Share your dilemmas and get honest opinions from other Mumsnetters.

Need needy friend to back off

51 replies

Fishfingersandwichplease · 06/01/2020 23:41

Got a friend who l care about and am fond of but she is so insecure and needy l find her a real drain. She gets her nails painted the same colour as me, texts me every single day to see what l am up to that day, then again later to see how my day went (sometimes l reply, sometimes l don't), tries to invite herself with me if l am going somewhere (although have learnt to be quite vague now), wants to be friends with all my friends who don't know her, questions me if l have been tagged in something on Instagram that she didn't know about - find her suffocating but she has very bad anxiety so how to l tell her to back the eff off without upsetting her??!! None of these things sound too bad now l read it back but she is in my face all the time.

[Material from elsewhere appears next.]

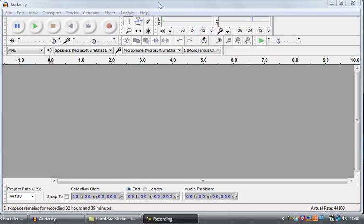This video will give you a quick introduction to the Audacity interface. I'm going to take you through how Audacity works in a basic way and show you how to make your first recording.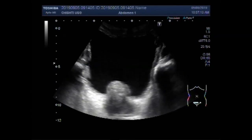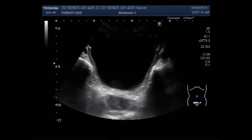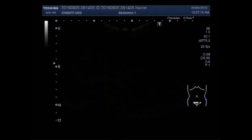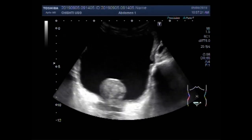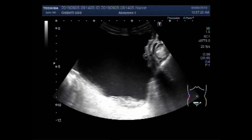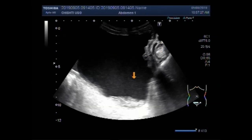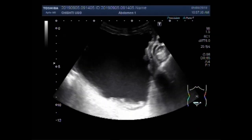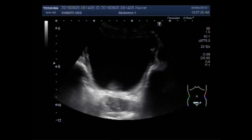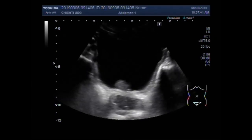It is an approximately oval-shaped mass having semi-solid to solid consistency. This is debris or thick sludge deposited in the dependent portion of the urinary bladder, at the base of the urinary bladder.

Thing is when she is having a good day, l love her to bits!!

OP posts:
Thoughtlessinengland · 07/01/2020 09:46

I think the Australia response is a subtle (not so subtle) reference to another thread where a clearly super needy OP is devastated and absolutely sick with pain that her best friend is moving to Australia and has had arse handed on platter to her rightly or wrongly.

IamtheDevilsAvocado · 07/01/2020 09:49

These sort of relationships are often pretty insidious....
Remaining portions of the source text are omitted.